[Crawled caption data]
----

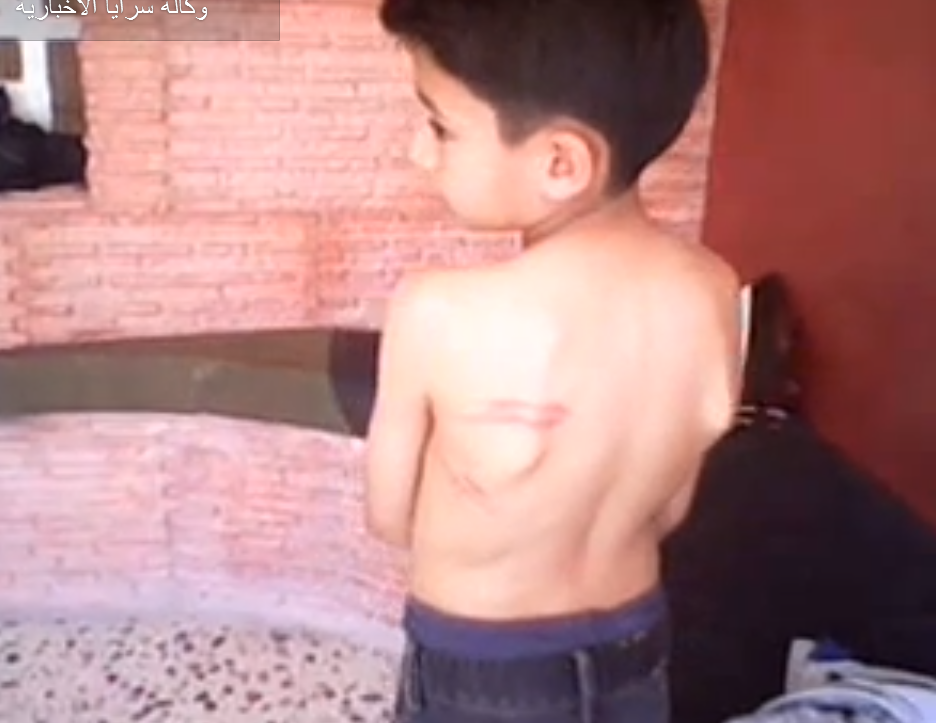 فيديو  .. يظهر معلم ضرب طفل بوحشية بـ"خرطوم مياه" في مدرسة بالرصيفة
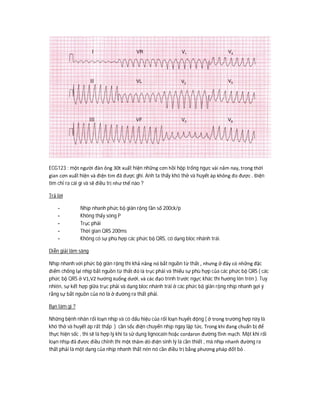 ECG123 : một người đàn ông 30t xuất hiện những cơn hồi hộp trống ngực vài năm nay, trong thời
gian cơn xuất hiện và điện tim đã được ghi. Anh ta thấy khó thở và huyết áp không đo được . Điện
tim chỉ ra cái gì và sẽ điều trị như thế nào ?
Trả lời
- Nhịp nhanh phức bộ giãn rộng tần số 200ck/p
- Không thấy sóng P
- Trục phải
- Thời gian QRS 200ms
- Không có sự phù hợp các phức bộ QRS, có dạng bloc nhánh trái.
Diễn giải lâm sàng
Nhịp nhanh với phức bộ giãn rộng thì khả năng nó bắt nguồn từ thất , nhưng ở đây có những đặc
điểm chống lại nhịp bắt nguồn từ thất đó là trục phải và thiếu sự phù hợp của các phức bộ QRS ( các
phức bộ QRS ở V1,V2 hướng xuống dưới, và các đạo trình trước ngực khác thì hướng lên trên ). Tuy
nhiên, sự kết hợp giữa trục phải và dạng bloc nhánh trái ở các phức bộ giãn rộng nhịp nhanh gợi ý
rằng sự bắt nguồn của nó là ở đường ra thất phải.
Bạn làm gì ?
Những bệnh nhân rối loạn nhịp và có dấu hiệu của rối loạn huyết động ( ở trong trường hợp này là
khó thở và huyết áp rất thấp ) cần sốc điện chuyển nhịp ngay lập tức. Trong khi đang chuẩn bị để
thực hiện sốc , thì sẽ là hợp lý khi ta sử dụng lignocain hoặc cordaron đường tĩnh mạch. Một khi rối
loạn nhịp đã đươc điều chỉnh thì một thăm dò điện sinh lý là cần thiết , mà nhịp nhanh đường ra
thất phải là một dạng của nhịp nhanh thất nên nó cần điều trị bằng phương pháp đốt bỏ .
 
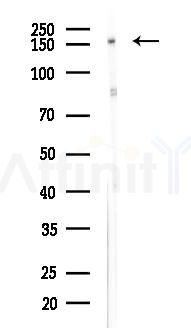 LAMC3 Antibody - Western blot analysis of lysates from K562 cells(LPS 4h treatment), using LAMC3 Antibody at 1/1000 dilution.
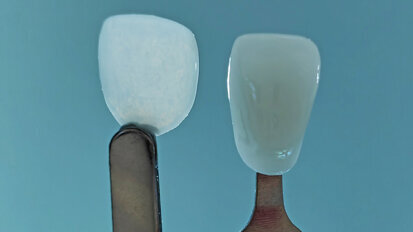 Launch of UltraThineer, world’s thinnest cosmetic dental veneer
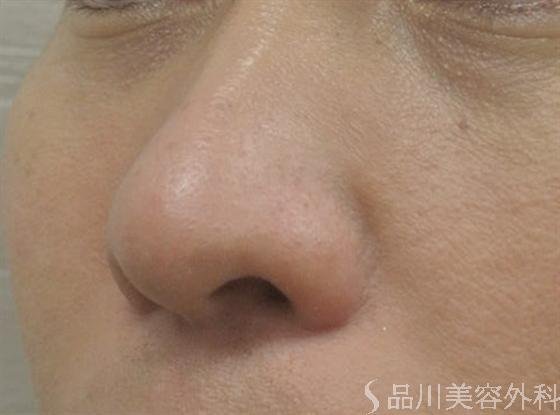 症例NO.15966のBEFORE写真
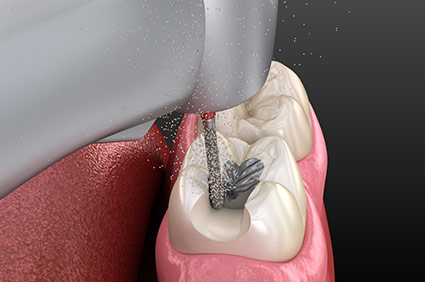 diagram of removal of amalgam on top of teeth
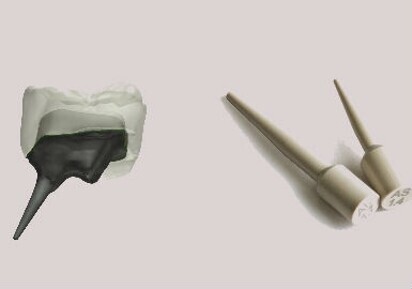 3Shape – Post and Core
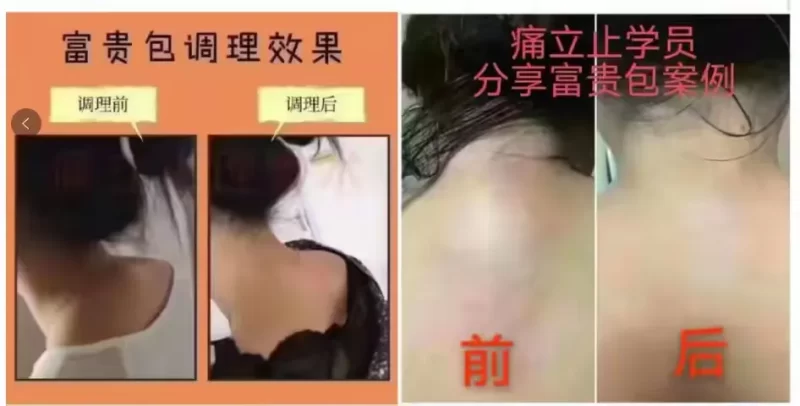 图片[2]-富贵包是怎么形成的？富贵包的调理思路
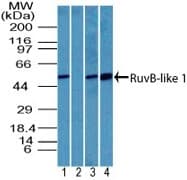 Polyclonal Rabbit anti-Human TIP49 / RUVBL1 Antibody (aa400-454, IHC, WB)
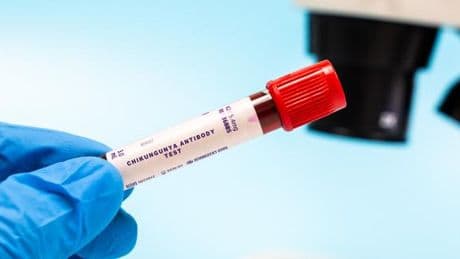 Chikungunya : les autorités redoutent l’importation de l’épidémie en métropole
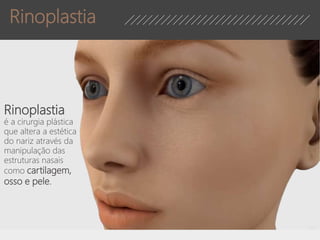 Rinoplastia
é a cirurgia plástica
que altera a estética
do nariz através da
manipulação das
estruturas nasais
como cartilagem,
osso e pele.
Rinoplastia
 
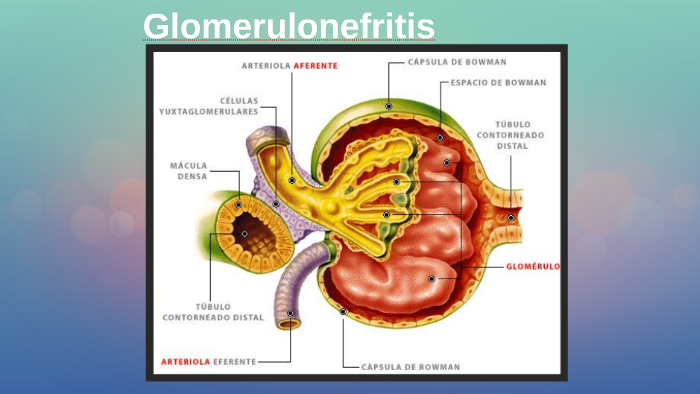 Glomerulonefritis by Carla Rovira Aguilà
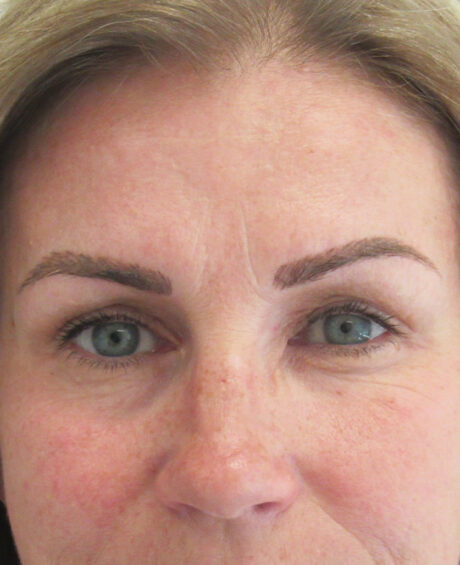 BOTOX® Cosmetic case #4257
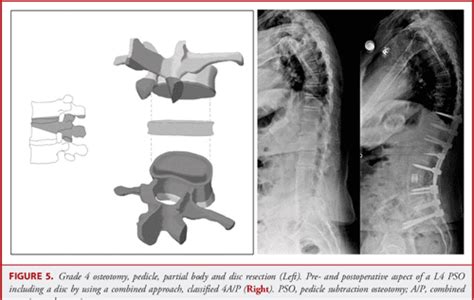 Pdf The Comprehensive Anatomical Spinal Osteotomy Classification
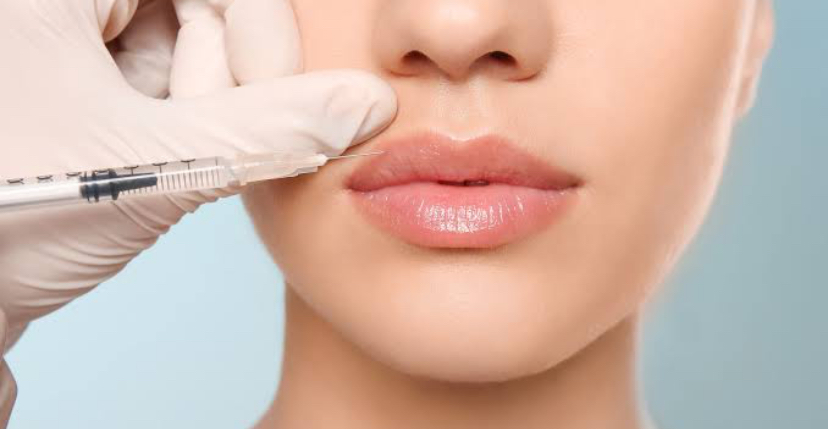 Natural lip Plump at Lavana Medspa in Edinburg, TX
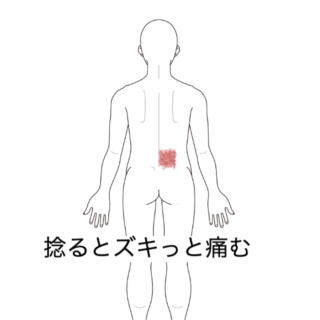 鍼灸の症例「ピッチャーの投球時に捻ると痛む腰」（香川県三豊市）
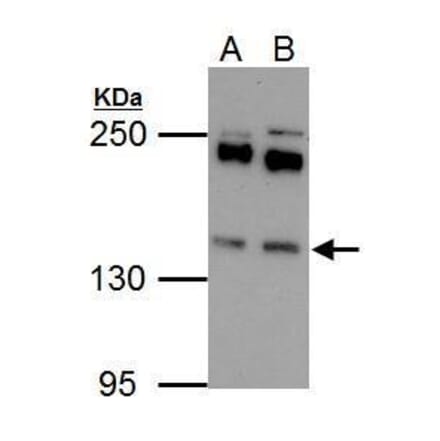 Eps15 Antibody from Signalway Antibody (35458) - Antibodies.com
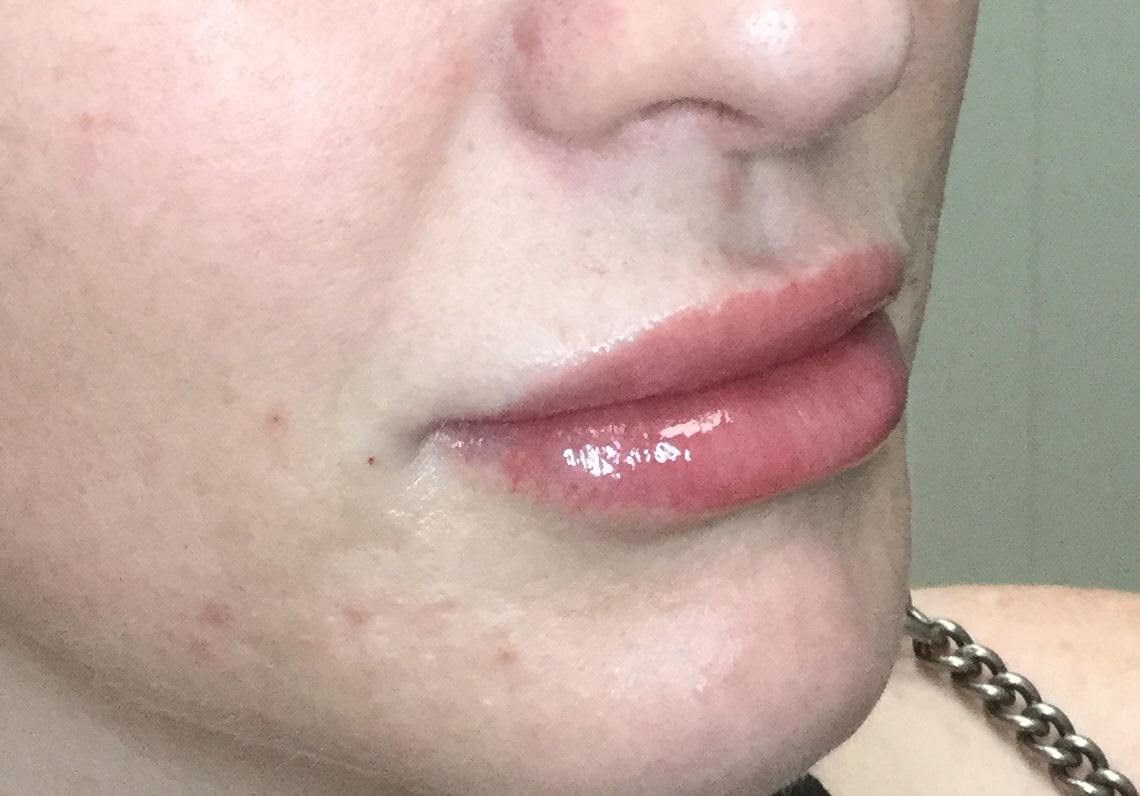 Lip Enhancement with Juvederm After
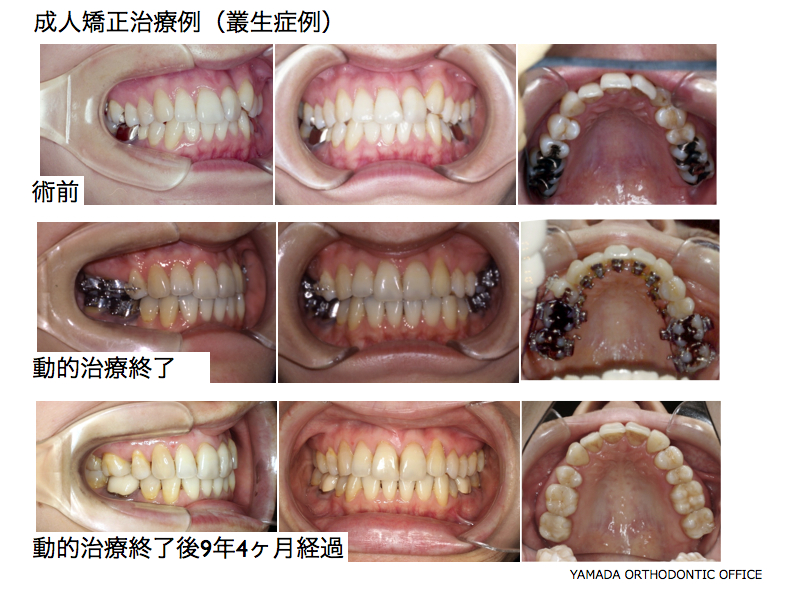 成人矯正治療例（叢生症例）舌側矯正治療例 | ヤマダ矯正歯科院長のブログ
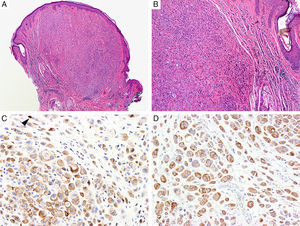 Immunohistochemical studies for BAP1 and BRAF in a ‘BAPoma’. (A) Hematoxylin and eosin stained section of a dome-shaped BAPoma with dense proliferation of epithelioid melanocytes within the dermis (magnification 40×). (B) Typical nevus cells are also present at the peripheral of epithelioid proliferation (right side, magnification 100×). (C) Diffuse loss of nuclear BAP1 in most of the melanocytes; arrowhead indicates single positive cell. Of note, the background cytoplasmic reaction should not be interpreted as positive (magnification 200×). (D) These cells are diffusely positive for BRAF V600E protein (magnification × 200).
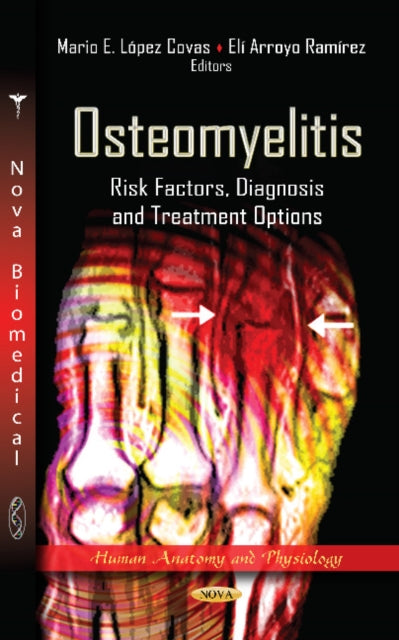 Osteomyelitis: Risk Factors, Diagnosis &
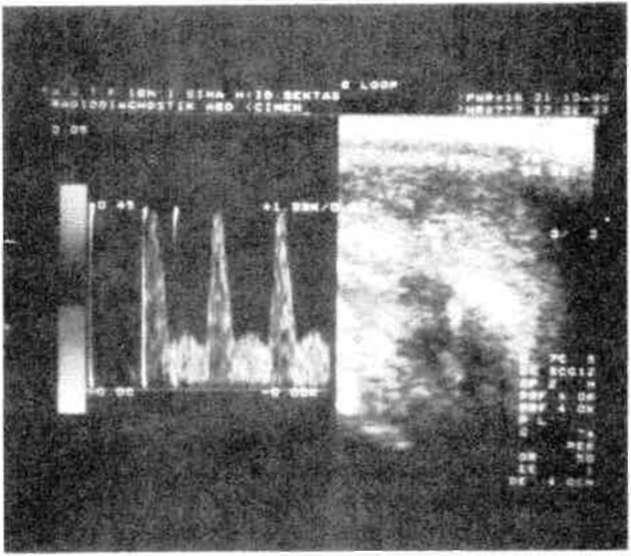 ÖZCAN ve Ark. VASKÜLOJENİK EMPOTANSIN DEĞERLENDİRİLMESİNDE RENKLİ DOPPLER GÖRÜNTÜLEME (RGD) 311 (ortalama 8.02) arasında değişmekteydi.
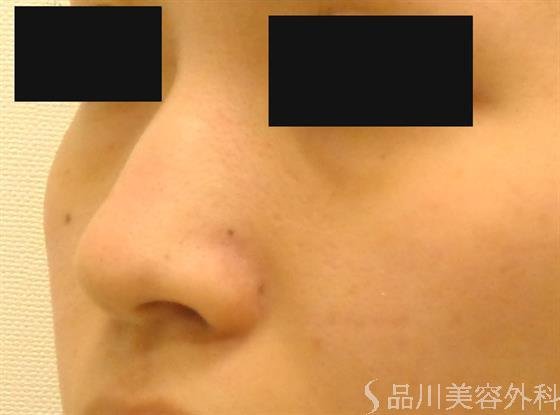 症例NO.39511のBEFORE写真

----

#### Requirement
Examine the records and pull out every line where the string "phức" occurs.

#### Expected output
- Nhịp nhanh phức bộ giãn rộng tần số 200ck/p
- Không có sự phù hợp các phức bộ QRS, có dạng bloc nhánh trái.
Nhịp nhanh với phức bộ giãn rộng thì khả năng nó bắt nguồn từ thất , nhưng ở đây có những đặc
điểm chống lại nhịp bắt nguồn từ thất đó là trục phải và thiếu sự phù hợp của các phức bộ QRS ( các
phức bộ QRS ở V1,V2 hướng xuống dưới, và các đạo trình trước ngực khác thì hướng lên trên ). Tuy
nhiên, sự kết hợp giữa trục phải và dạng bloc nhánh trái ở các phức bộ giãn rộng nhịp nhanh gợi ý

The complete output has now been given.